Contrast transthoracic echocardiogram of inter-atrial septum
Following injection of agitated saline into an antecubital fossa vein, contrast is initially seen to light up the right atrium and ventricle, and then with a Valsalva manoeuvre the left atrium and ventricle, having passed through a patent foramen ovale
Figure 2.
Transcranial Doppler
Ultrasound probe is placed on middle cerebral artery at rest (panel 1), with injection of contrast (agitated saline) (panel 2), and with injection of contrast and a Valsalva manoeuvre (panel 3)
Figure 3.
Transoesphageal echocardiogram
Panel 1. From a 50 degree view, following injection of agitated saline into an antecubital fossa vein, contrast is seen crossing the PFO from right atrium to left atrium.
Panel 2. From a 50 degree view, colour flow Doppler mapping of the atrial septum demonstrating a PFO with colour flow across it.

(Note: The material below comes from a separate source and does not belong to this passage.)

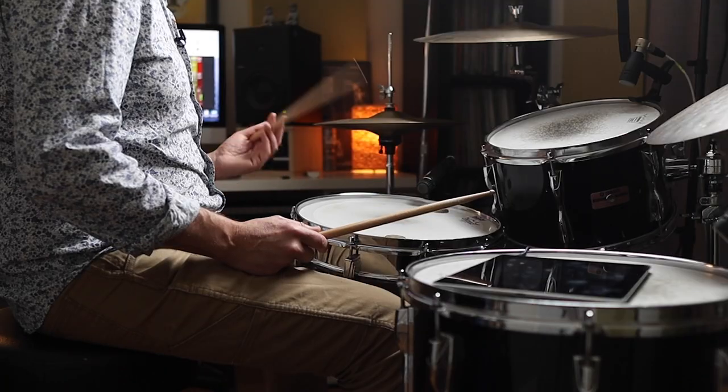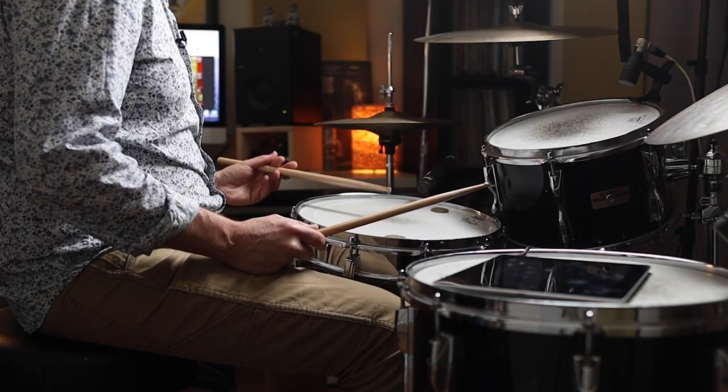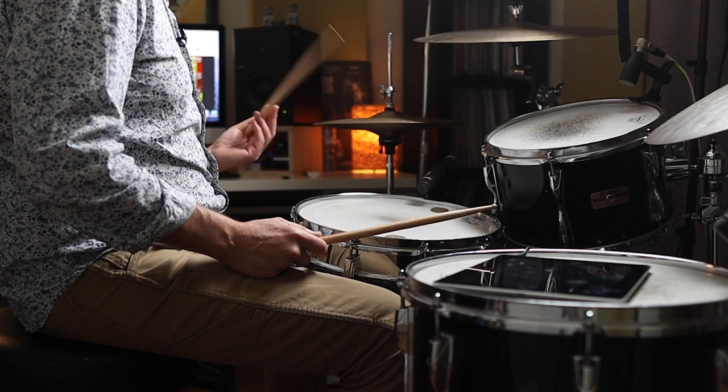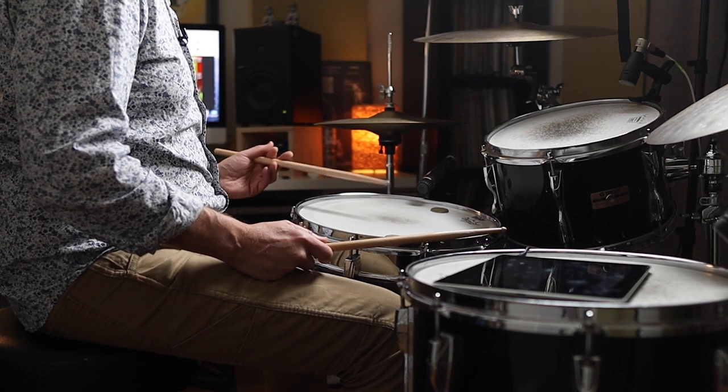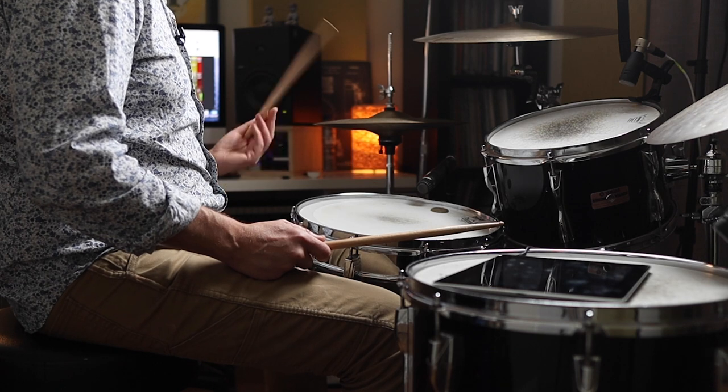I'm going to move to the snare drum part next. Here's the snare drum part on its own without the metronome. Now this time I'll do that with the metronome playing the second and fourth sixteenth note of every beat. Here we go. One, two, three, four. Okay, so that's the snare drum part taken care of.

MANAGEMENT OF CRYPTOGENIC CVA
Conventional therapy for the management of cryptogenic CVA in the non-pregnant state would include antiplatelet agents and/or anticoagulants. The antiplatelet agent with most data to support its use is aspirin, which is known to be safe in pregnancy.25 Newer antiplatelet agents including clopidogrel have been used but there are few data on their effects in pregnancy.26
In pregnancy anticoagulation with warfarin is problematic due to increased risk of miscarriage, teratogenic effects in the first trimester and risk of bleeding to both fetus and mother. Heparin in the fractionated form is the preferred anticoagulant, but has the disadvantage of parenteral administration, risk of inducing reduced bone density and of heparin-induced thrombocytopenia.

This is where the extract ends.